Survivors of War

Posted on January 7, 2013


The same day as the attack on Pearl Harbour, the Japanese Emperor launched his bid on the Pearl of the Orient and the other British possessions in its neighbourhood. Four days later, the bombing of Penang began, and life for my family would be changed forever.

The Rising Sun now ascendant over Malaya, previously distant horror stories of mass rape, genocide and retribution against agitating Chinese were suddenly much more real.

As women were quickly married off and locked away, as little girls’ heads were shaven to hopefully pass for those of little boys, as a local newspaper editor rallied the different races together to launch a collective plea for normalcy under the new Imperial masters, looting and anarchy finished off what the bombing had left intact. Our shop-house did survive the bombs, but it was never going to house a clock repair business again.
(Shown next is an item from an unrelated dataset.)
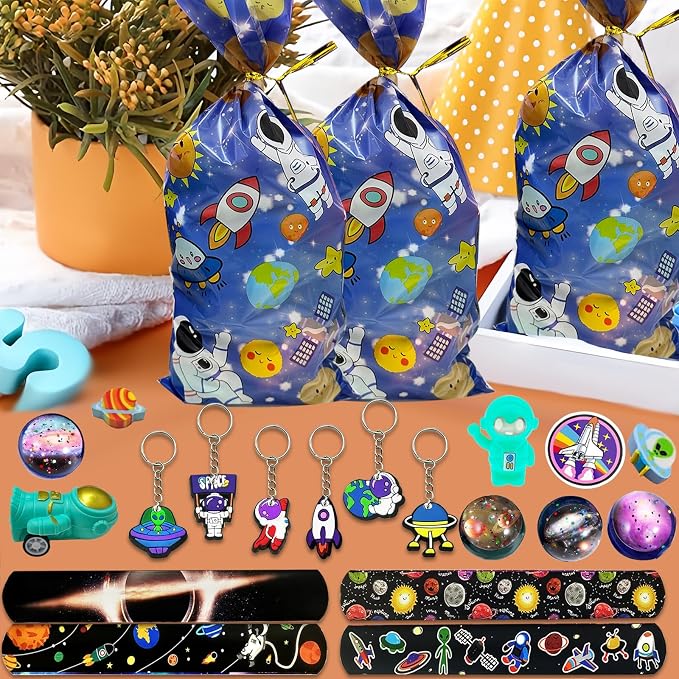 152PCS Space Party Favors Set, Outer Space Birthday Decorations Including Slap Bracelets, Keychains, Gift Bags, DIY Stickers, Drinking Straws, Alien Birthday Supplies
The vandals had stolen everything, set the shop on fire, leaving the upstairs flat dangerously unstable and reeking of smoke.

There was nothing prosperous, auspicious or in any way festive about the spring of 1942.

During the time of the occupation my family lived on simple and cheap cuisines such as salted fish served with stir-fried bean sprouts, which I still enjoy even today in a time of plenty. This recipe, together with the others found in upcoming posts, are unique because they use traditional humble ingredients that have been a common feature of Chinese cuisine in Penang.


400g bean sprouts
1 tablespoon vegetable oil
3 cloves garlic, peeled and chopped finely
250g salted fish, cut into small pieces
150g fried tofu puffs, halved
2 stalks spring onion, chopped finely
1 tablespoon soy sauce
1 tablespoon oyster sauce
1 tablespoon water


  1. Rinse and clean bean sprouts. Remove roots.
  2. Heat wok with vegetable oil and sauté chopped garlic till slightly golden.
  3. Add salted fish and toast till fragrant.
  4. Add other ingredients except bean sprouts and stir-fry briefly.
  5. Add bean sprouts, stir-fry very briefly (5 sec) and remove from heat.

Serves 4 (with steamed rice or rice noodles/vermicelli)

Note: Be careful not to overcook the bean sprouts to preserve the crunchy texture. Dried salted fish can be found at Asian grocers.